▶ [Task objective] Repeat exactly the lines below, from the line containing "Thumbnail: Rare 1970's" through the last line, both included. Leave out any pictures.

▶ [Captioned web images]
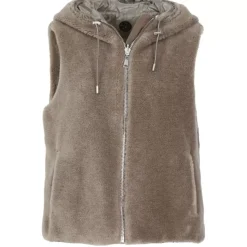 OAKWOOD Gilets^Smiley Taupe - Gilet Sans Manche En Fausse Fourrure 100% Laine / Nylon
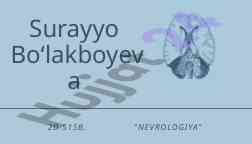Nevrologiya tos a’zolari innervatsiyasi va buzilishlar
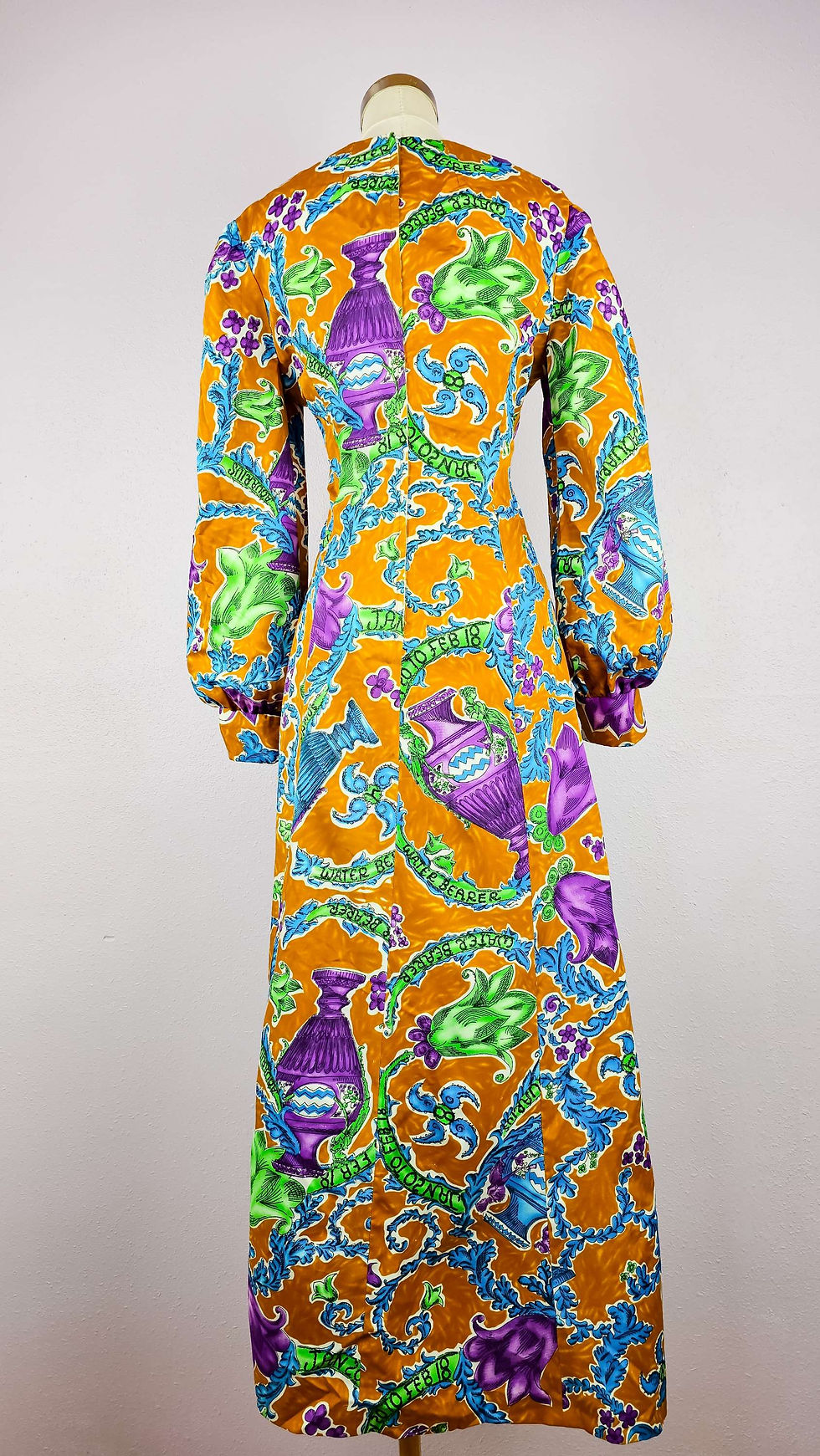 Thumbnail: Rare 1970's Astrology Aquarius Novelty Maxi Dress Collectable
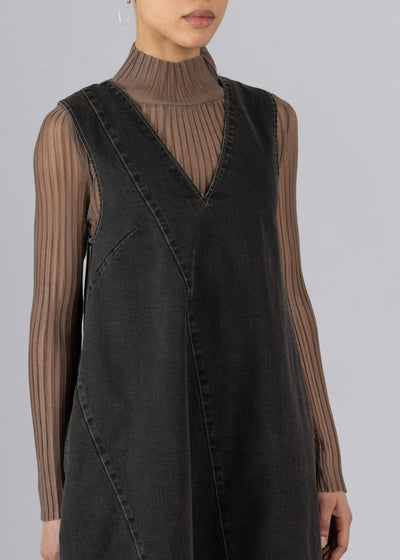 asymmetrical denim dress Asymmetric Paneled Denim Dress Black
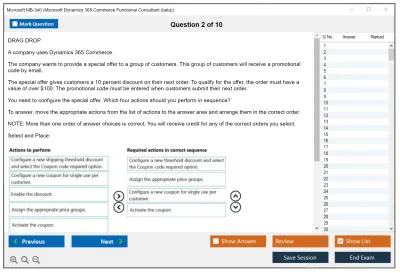 Microsoft MB-340 Microsoft Dynamics 365 Commerce Functional Consultant Practice test exam simulator test engine exam Prep practice test questions answers Image 2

▶ [Solution]
 Thumbnail: Rare 1970's Astrology Aquarius Novelty Maxi Dress Collectable
 asymmetrical denim dress Asymmetric Paneled Denim Dress Black
 Microsoft MB-340 Microsoft Dynamics 365 Commerce Functional Consultant Practice test exam simulator test engine exam Prep practice test questions answers Image 2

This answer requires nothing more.